The eight of us on our leadership team know each other well, as human thinkers, as
human feelers. We understand what makes our teammates enthusiastic, what makes
them afraid, what makes them joyful. We know each other well enough to understand
what each of us is likely to be triggered by, so that we can help each other breathe
our way back to centre. We share our vulnerabilities with our teammates so that they
can help us. As we stretched out on sofas and boiled more water for tea, we were
learning quickly that unraveling your own power, clearing out to make way for others
was triggering in one way or another for us all.
One thing we have worked the hardest at over the years is to make it safe to screw
up, to be emotional, to change your mind, and still retain the admiration of, the
genuine affection of, your teammates. I can’t say enough about how important this is.
Each of these human “flaws” is a necessary component to learning and to growth,
and all of them become extraordinarily difficult in a context that pushes for perfection.
Brave Teams require a context that encourages bravery instead of punishing it.
At our meeting we tested that. Someone would dissolve into tears in the middle of a
sentence, someone else would snap at the tentative idea of a teammate, risking the
death of an idea too new to withstand derision.
Even in the heat of it, there was always someone who could remember to thank
colleagues who were showing their passion for something in a moment of unguarded
grief or anger. Someone else could help hold them until they found their way back to
their own centred place. While it would be much more comfortable to avoid those
spikes of emotion, we know the peril of creating conditions where teammates politely plaster over their feelings to create shields that hide emotions so deeply that they
can’t be dealt with or learned from.
We kicked around ideas, some tediously familiar, some frighteningly innovative.
Someone took on the role of the one who says no. Someone else took on Risk-taker.
There was at least one Peacemaker. As more edgy ideas arose, we each found
ourselves defending the identity that felt best (safest?) to us. With effort, we fought
out of that trap too, pushing ourselves to take multiple perspectives and listen deeply
to one another—especially when we didn’t want to listen at all, when we wanted to
double down on our own perspective. Because we are a team, someone was
(almost) always able to catch ourselves out of the trap of listening to win and
remember that other perspectives—no matter how different—have merit from which
we can learn. I watched disagreements that seemed irreconcilable turn into
extraordinary moments of creation when one person stopped arguing long enough to
say, “Oh, so what really matters to you here is…” Or simply, “I feel like I wasn’t
hearing your point well enough—can you explain it again?” In the moment, that
seems as unnatural as breathing underwater, but it turns out that we can grow our
capacity to listen much more easily than we can grow gills.
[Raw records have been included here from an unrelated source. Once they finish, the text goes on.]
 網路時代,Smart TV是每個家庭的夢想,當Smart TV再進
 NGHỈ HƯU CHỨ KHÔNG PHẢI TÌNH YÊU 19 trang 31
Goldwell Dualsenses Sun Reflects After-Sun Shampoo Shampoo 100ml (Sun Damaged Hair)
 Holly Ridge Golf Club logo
We called each other in out of silence or passive agreement to speak our own
perspective, clearly and bravely, even if it is different, even when–-especially
when—we thought it would be unpopular.
We haltingly made a dance of the courage to listen and the courage to speak. This is
the Brave Team dance: it both requires the careful creation of Brave Team contexts
and also creates the conditions for more bravery to emerge.
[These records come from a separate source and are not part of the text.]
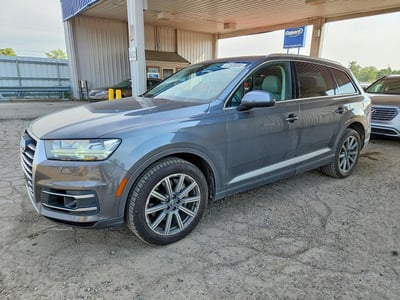 2018 Audi Q7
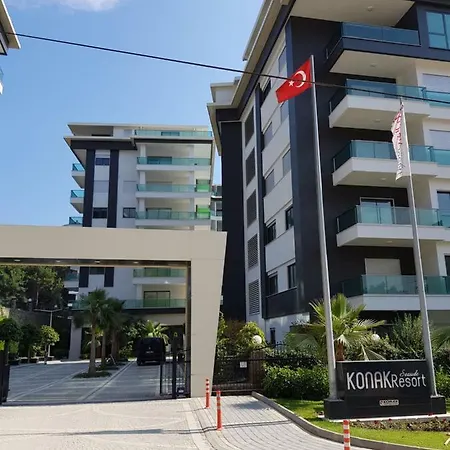 Apartment Konak Seaside Alanya
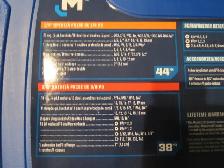 Mastercraft 128-Piece Mechanics Tool Set Slightly Used Like New - Photo 3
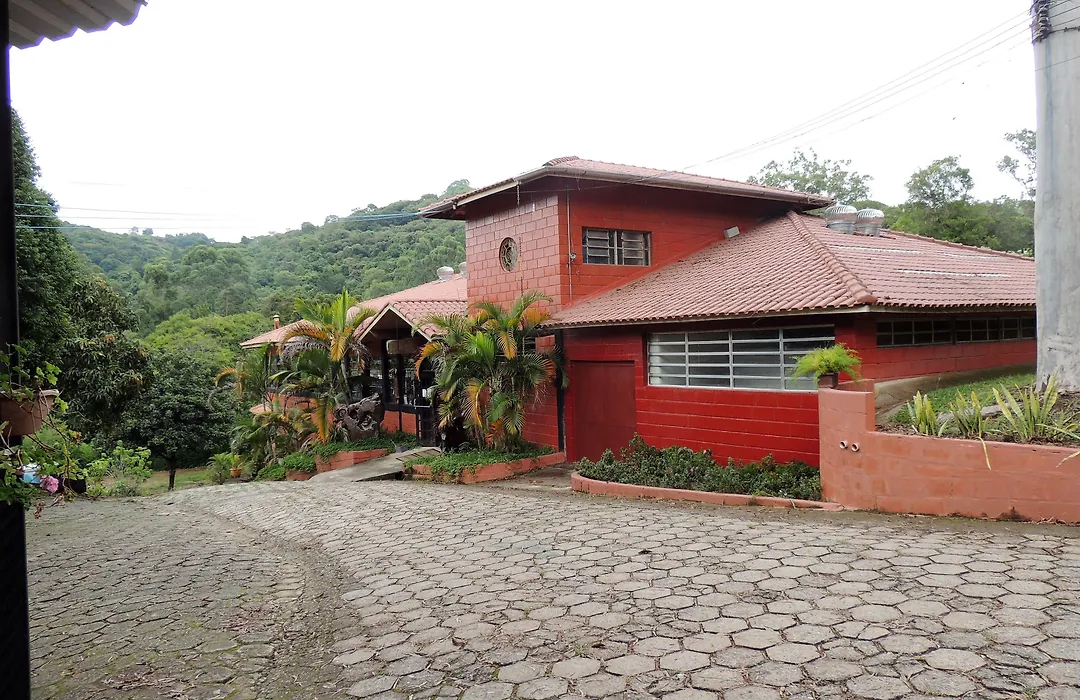 Pousada Juriti - Eco Hotel-1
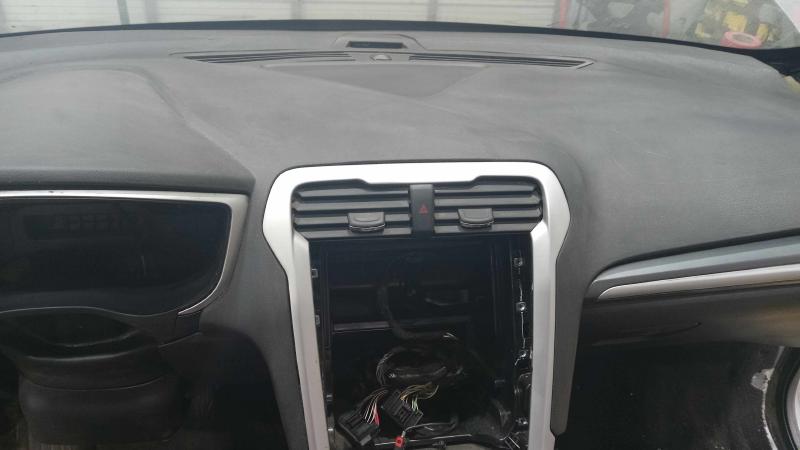2014 Ford Fusion Dash Panel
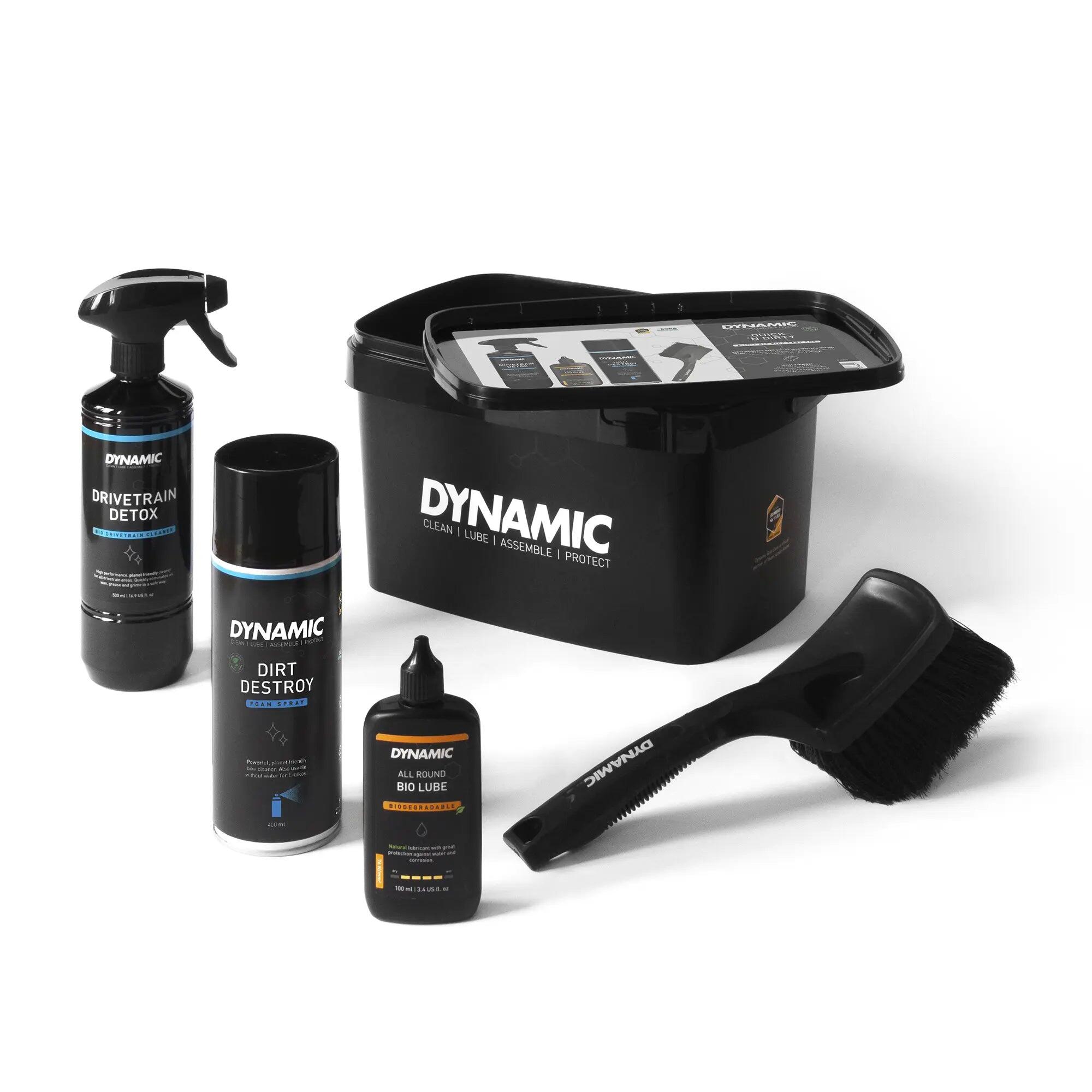 Dynamic Quick 'n Dirty box 1/7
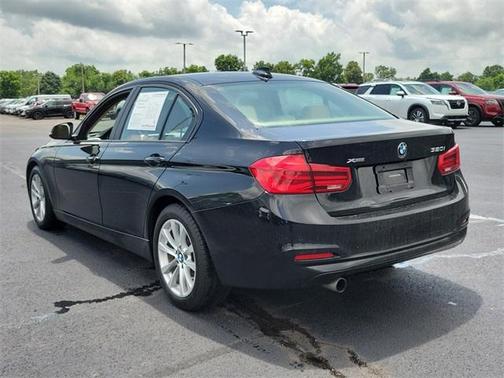 2016 BMW 320 i xDrive
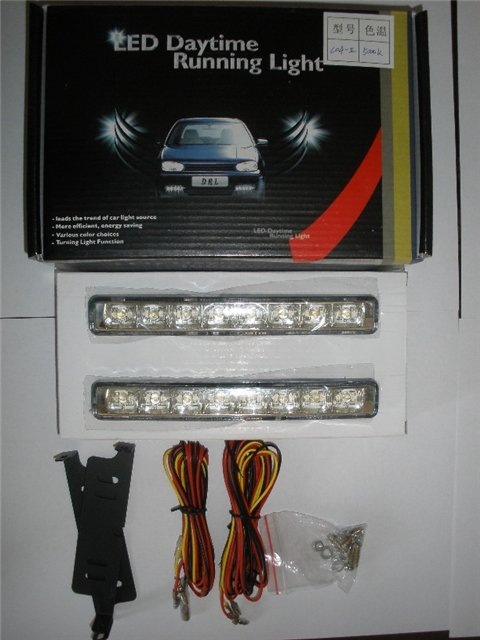 DRL (ДХО) 3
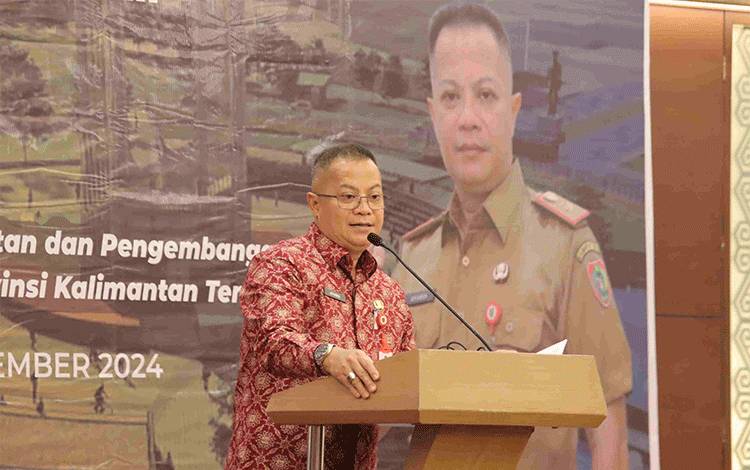 Sinergi Pemerintah dan BUMDes Kalteng Wujudkan Desa Mandiri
And as we disagreed about things that matter deeply, we struggled to be ready to
change our minds, to loosen our grip on control, to allow for the co-creation, the
utterly novel innovation that is the hallmark of brave teams. We cannot have our
identities so entangled with any one answer that it rips a wound to let it go. And when
we find one of us in that small, defensive, terrifyingly small and unstable identity
platform, we need to be able to hold out a gentle hand and coax our teammate back
onto the more solid ground of themselves.
By the end of the meeting, we had taken down the multitude of flip charts on the wall.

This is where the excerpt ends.